The Quran is a very angry and violent piece of scripture, and to base a religion on it is a little more dangerous than say, Christianity. Potentially dangerous, of course, plenty of muslims live in peace and tranquility. It's the hard-liners we have to worry about, but they're dangerous in any religion.

C.

Almighty Colin
11-26-2002, 12:39 PM
BAH! The Bible deathtoll is WAY higher than in the Koran.

50,070 1 Samuel 6:19
3,000 Exodus 32:26-28
24,000 Numbers 25:6-9
500,000 2 Chronicles 13:15-18
120,000 2 Chronicles 28:6-8
1,000,000 2 Chronicles 14:8-12
--------------
1.7 million in those 6 passages alone including such classics as 50,070 people killed by God for looking into the ark. Remember Sunday school? God killed the first born son in every house in Egypt because he was mad at Pharaoh. Sorry, I don't know the dead babies count.

The early Christians should have had the sense to not package the Old Testament with the New. They were probably afraid the book would appear too small without it.

Mike AI
11-26-2002, 03:27 PM
Colin, I think you are comapiring Jews to Muslims.... the Old Tesitment is all about ass kicking, raping, piliging, slaughtering....

The NEW Testiment, which si the basis for Christianity is centered around peace, and turing the other cheek.

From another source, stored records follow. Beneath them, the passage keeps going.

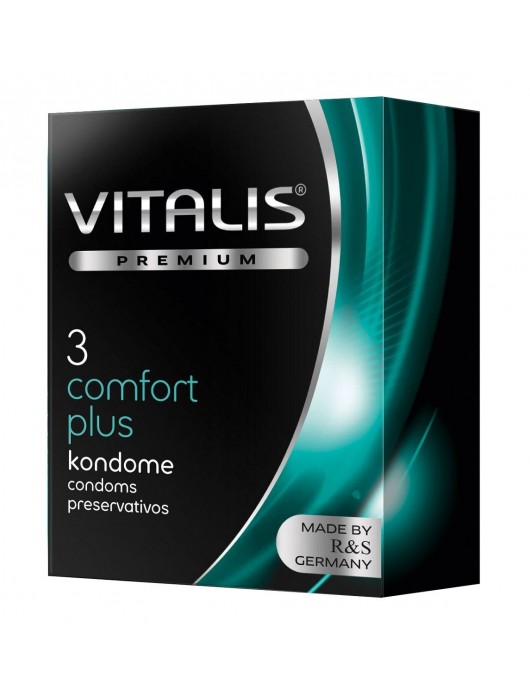 Контурные презервативы VITALIS PREMIUM comfort plus - 3 шт. - Vitalis - купить с доставкой в Сызрани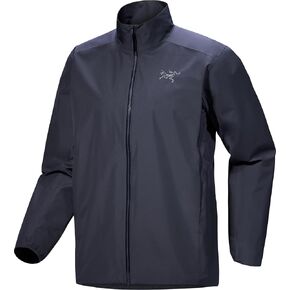 arc'teryx solano سترة الرجال | سترة قذيفة مقاومة للرياح الهجينة لرفع جبال الألب - إعادة تصميم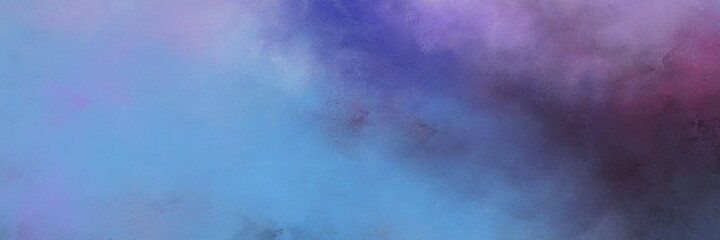 Poster - decorative vintage abstract painted background with corn flower blue, very dark violet and dark slate blue colors and space for text or image. can be used as header or banner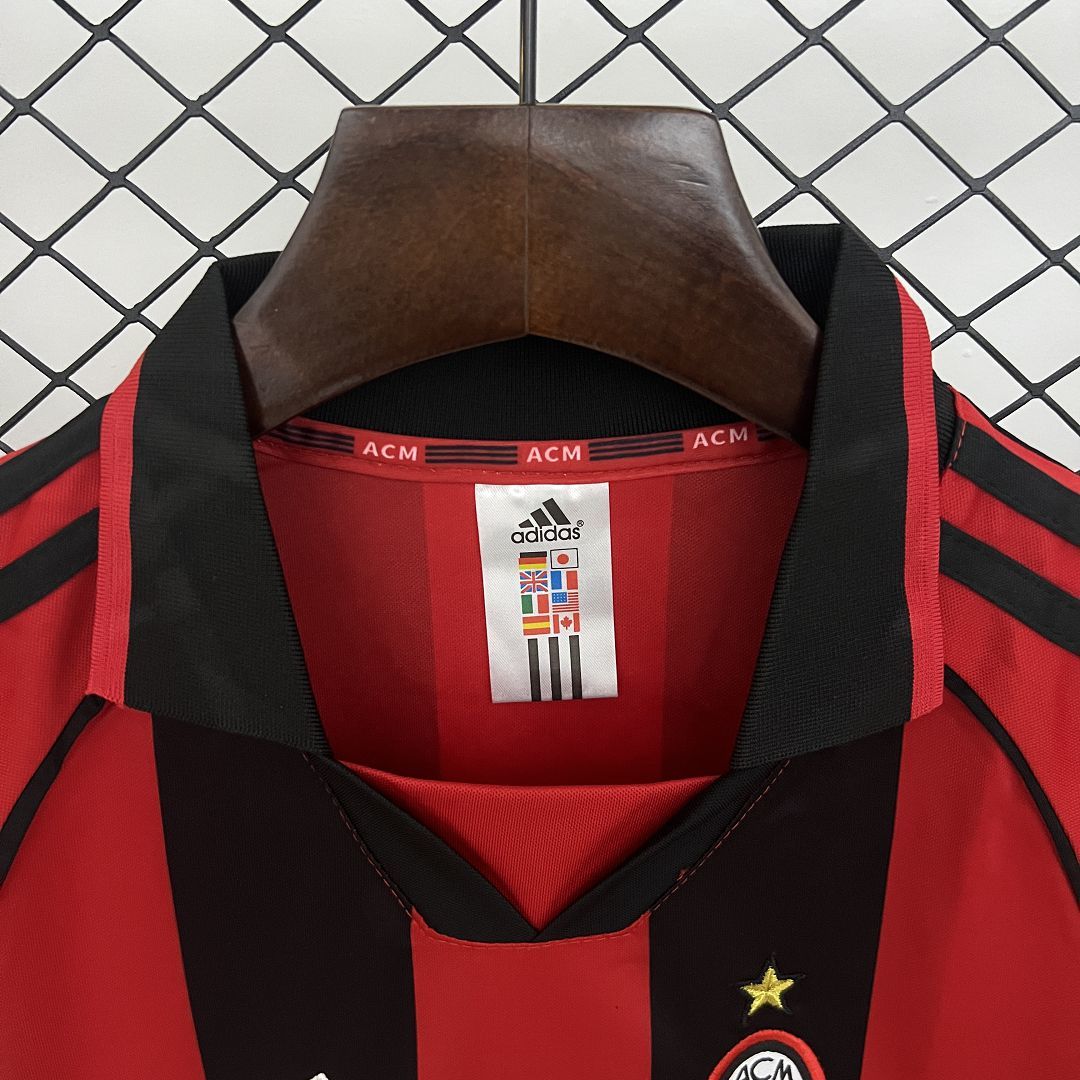 Ensemble AC Milan Domicile Retro Enfant 1998-1999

One reason many Jews did not beleive Christ was the Messiah is because they have been told that the Messiah would be a warrior King.

sarettah
11-26-2002, 04:28 PM
Originally posted by Mike AI@Nov 26 2002, 03:35 PM
The NEW Testiment, which si the basis for Christianity is centered around peace, and turing the other cheek.

The way I learned it...way back in Sunday school was that Christianity is based on both the Old and New Testament.....

The Old is the Christian History prior to Christ......

The New is the story of Christ and the early Christian church and of course, what is to come......

The history of the world is violent.

The 3 religions (Judaism, Christianity and Islam) that we are speaking of all use the same history as their base. Therefore the 3 religions that we are speaking of are all based in violence.

To interpret a history (what has happened in the past) as being the guide for how things should be handled in the future makes good common sense, learn from your mistakes etc.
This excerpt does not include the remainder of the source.